Quels sont ces éclairs?

Ce sont des émotions très très fortes, généralement négatives, et qui, à la fois, nous rendent très vivants car plein d’énergie, comme les éclairs. De loin, c’est fascinant. De près, cela fait mal. Et en même temps, il n’y a rien de plus vivant que la tristesse - et la joie évidemment. Là, on évolue davantage dans les éclairs sombres. On ne contrôle pas un éclair, la seule chose qu’on puisse faire, c’est le regarder et l’aimer car il est très beau. Cela ne va pas trop ensemble la symphonie des éclairs, on n’en fait pas, mais au de l'envisager comme quelque chose d’horrible, j'ai voulu en faire quelque chose de très beau.



2. Ce que la musique a révélé de vous et en vous?

Le premier choc, c'est me rendre compte que ce que je prenais comme ma plus grande faiblesse dans la vie, c’est à dire ma sensibilité, qui m’empêchait de réaliser plein de choses, me rendait triste et incomprise, était la plus grande des forces, que l’on n’est jamais assez sensible. La musique m’a permis de placer ma sensibilité au bon endroit. Cela a été une grande résilience dans ma jeunesse de me dire: "ce que tu n’aimais pas, c’est la meilleure des choses et tu vas même en faire ton métier."


Vous êtes vous surprise vous-même à monter votre propre label, à vous produire sur scène?

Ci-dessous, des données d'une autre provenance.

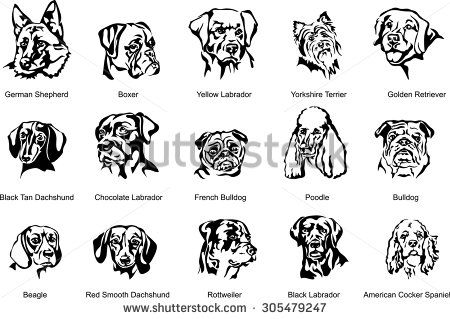 The face of a dog, breed dog, vector the image of a dog face, dog, portrait. Black silhouette of dog. Vector illustration.  - stock vector Golden Retriever Svg, Face Dog, Dog Vector, Dog Svg, Warning Sign, Animal Silhouette, Black Silhouette, Vector Png, Downloads Folder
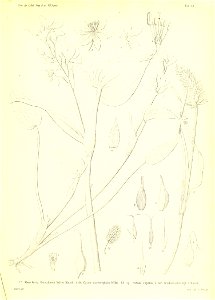 n400_w1150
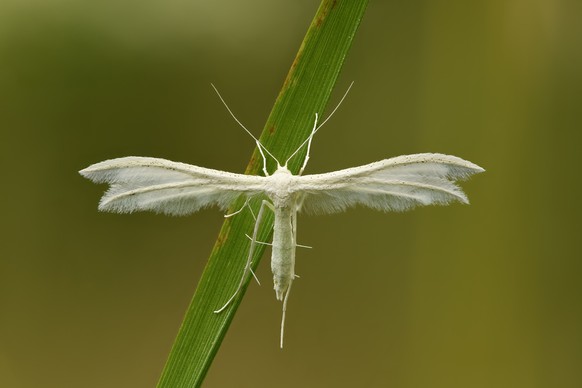 Weiße Winden-Federmotte (Pterophorus pentadactyla)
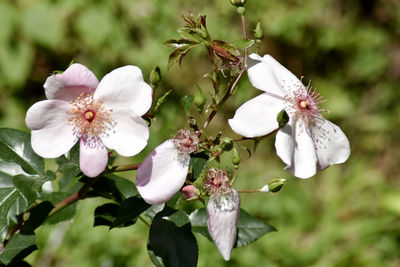 Close-up of white flowering plant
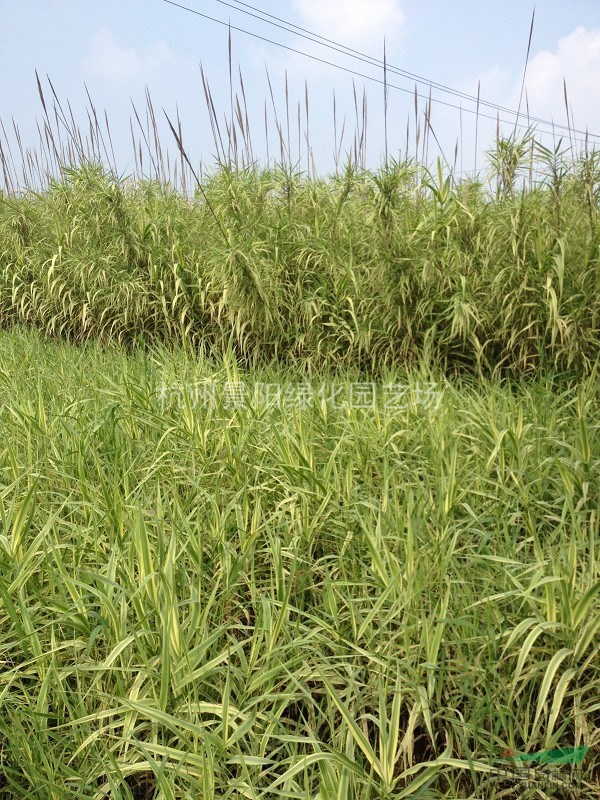 各種水生植物 蘆竹、花葉蘆竹、蘆葦、蘆荻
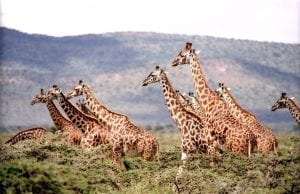 a herd of giraffes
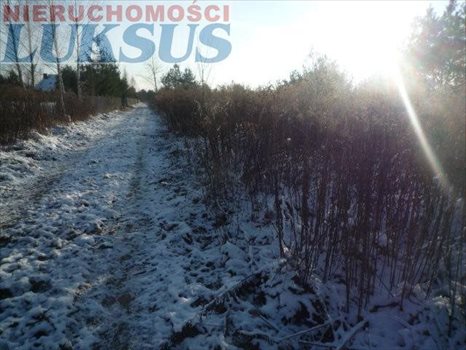Działka budowlana na sprzedaż Łoś, Łoś 1 500m2 Foto 4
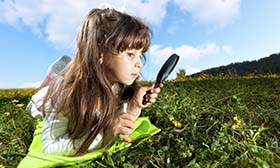 SY-06 Synergi Life company specific reports training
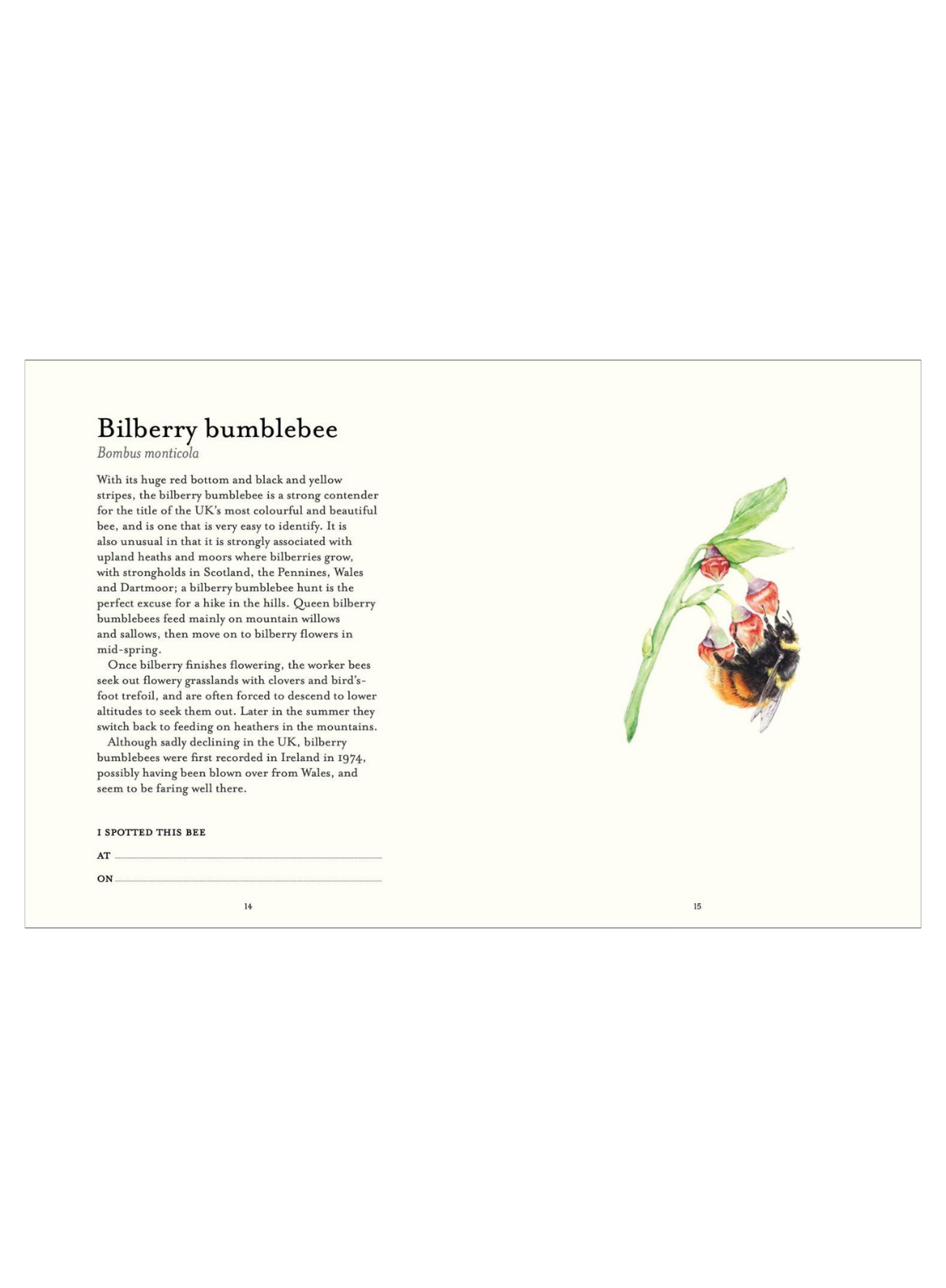 Bee Spotters' Guide - National Trust (HB)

Quand je me regarde de loin, je suis surprise de m’apercevoir que cette petite Zaho ne se posait aucune question. Je me suis assise un jour au piano et j’ai composé des chansons sans me demander si j’en avais le droit, la légitimité. Ecrire des chansons est devenu une obsession, et sur ce plan, je suis fière car je n’ai jamais douté, alors que j’ai très peu confiance en moi, en tout. Le seul domaine où j’ai eu confiance en moi, c’est la musique, alors que je chantais  très mal à l’époque, que je ne savais pas écrire. Comment cette petite Zaho de 15 ans qui faisait des chansons nulles, a pu penser qu’elle en écrirait un jour de bonnes? Je ne me posais pas de questions, je savais qu’en travaillant, j’allais apprendre et progresser.



7. L’album qui vous a particulièrement marquée ? Après avoir enregistré La Symphonie des éclairs pendant 3 semaines, je me suis retrouvée une semaine seule face à moi-même, je gère mal la solitude, très vite mes démons reviennent. J’ai écouté pendant 4 jours mon album d’une manière complètement obsessionnelle, passant de « c’est fabuleux ! » à « c’est horrible !». Je ne sortais pas, je ne me nourrissais pas… Un matin, j’ai décidé quand même de me balader et a surgi The Wall des Pink Floyd dans mes écouteurs. Je l’avais déjà beaucoup écouté sans vraiment en comprendre l’histoire, là j’ai vu ce mur que je construisais moi aussi, et quand le héros le casse et s’ouvre à la réalité, je me suis alors reconnectée au monde. Moi qui suis très rationnelle et ne crois pas aux signes du ciel, j’ai eu la sensation que le destin m’avait mis sur la route de cet album au bon moment.

1. Une histoire derrière votre prénom ?

Mes parents ont inventé les prénoms de mes trois soeurs aînées, de ma soeur jumelle et le mien, enfin ils ont cru inventer le mien car Zaho existait déjà, c’est le surnom de Zaïra.

35. Votre côté sombre et votre côté solaire ?

Je mets mon côté sombre dans la musique, pour canaliser mes émotions négatives, au lieu de les faire subir à autrui. Dans la vie, j’aime rire, faire du bien autour de moi, donner de l’énergie, de la motivation, de la bonne humeur.

32. Une chanson d’enfance ?

Avec ma grande soeur Thali, qui a 10 ans ans de plus que moi et est ma deuxième maman, on chantait beaucoup Phantom of the opera en duo. Quand elle a quitté la maison, j’ai arrêté le chant, ma voix était très aigüe à l’époque.






10. Ce que vos parents vous ont transmis ?

Ils m’ont donné des clés pour ouvrir les portes alors que beaucoup de mes copains se sont trouvés devant des portes aux serrures fermées. Ma mère m’a transmis sa passion des mots et de l’humain. Elle était institutrice, elle a une grande empathie et aide les gens par pure bonté. Mon père {Olivier de Sagazan, plasticien, peintre et sculpteur} est un exemple pour moi, il passait 8 heures dans son atelier, du coup, cela a mis la création au centre de la maison et engagé à créer.


9. L’artiste disparu que vous auriez aimé rencontrer ?

J’aimerais beaucoup boire un café avec Barbara, j’adorerais l’écouter, lui poser des questions, parler de la vie.